Following the failure of the February talks on the Baglihar dam, Pakistan issued notice to India that it was asking for a neutral expert to resolve the dispute under the provisions of the Indus Water Treaty. Islamabad prefers to have a World Bank official as this mediator, and this promises to be a key issue in this week’s talks.
This is the first time since the treaty was signed that a dispute looks set to get referred to a neutral expert.
”They have refused our requests for on-site inspections (of the Baglihar project), and once when they allowed such inspection, they (Indians) made it clear that they would not be incorporating any Pakistani proposals for a change in design,” said an official at the Pakistani water and power ministry.
Because efforts to settle the issue bilaterally have not borne fruit, Islamabad is left with little choice but to seek outside mediation, he added.

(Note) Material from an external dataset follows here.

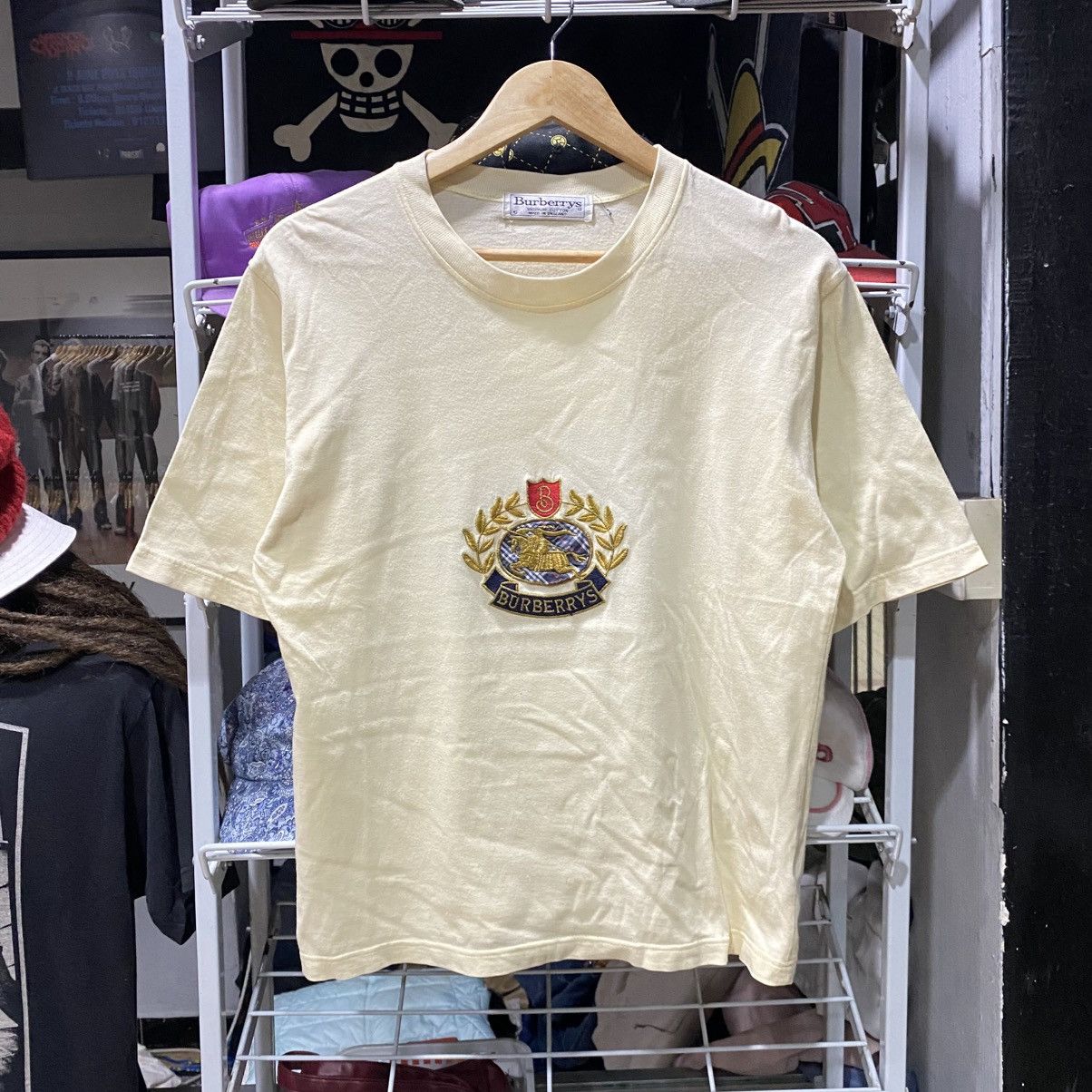 Burberry Vintage Burberrys “Equestrian Knight” logo Crop Tee Size M Size US S / EU 44-46 / 1 - 1 Thumbnail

This move has not gone down well with Indian experts. ”The demand for international arbitration will only spoil the mood for peace especially at this juncture,” Iyer said.
Iyer said India had refrained from seeking international arbitration to sort out a round-the-year navigation project at Tulbul on the river Jhelum, permissible under the treaty but held up since 1987 as result of Pakistani objections.
Pakistan’s fears are visible in a paper published by its Institute of Strategic Studies, which said the Tulbul navigation project would give India ”a strategic edge during a military confrontation enabling it to control the mobility and retreat of Pakistani troops and enhancing the manoeuvrability of Indian troops”.
Earlier this month, the prime minister of Pakistan-occupied Kashmir (PoK), Sikandar Hayat Khan, openly supported the revival of a proposal for the formal partition of Kashmir between India and Kashmir along the Chenab river as a practical solution to the long-standing dispute over the territory.
Khan was quoted as saying that such a division would result in the Muslim-majority areas of the territory going to Pakistan and the Hindu-majority parts going to India, satisfying the basic principle on which the 1947 partition of British India was carried out.
It would also result in Pakistan gaining full control over the Chenab, on which the Baglihar dam is now coming up, and expanding the territory it holds to cover Srinagar, the capital of Indian-controlled Kashmir state, which lies west of the river.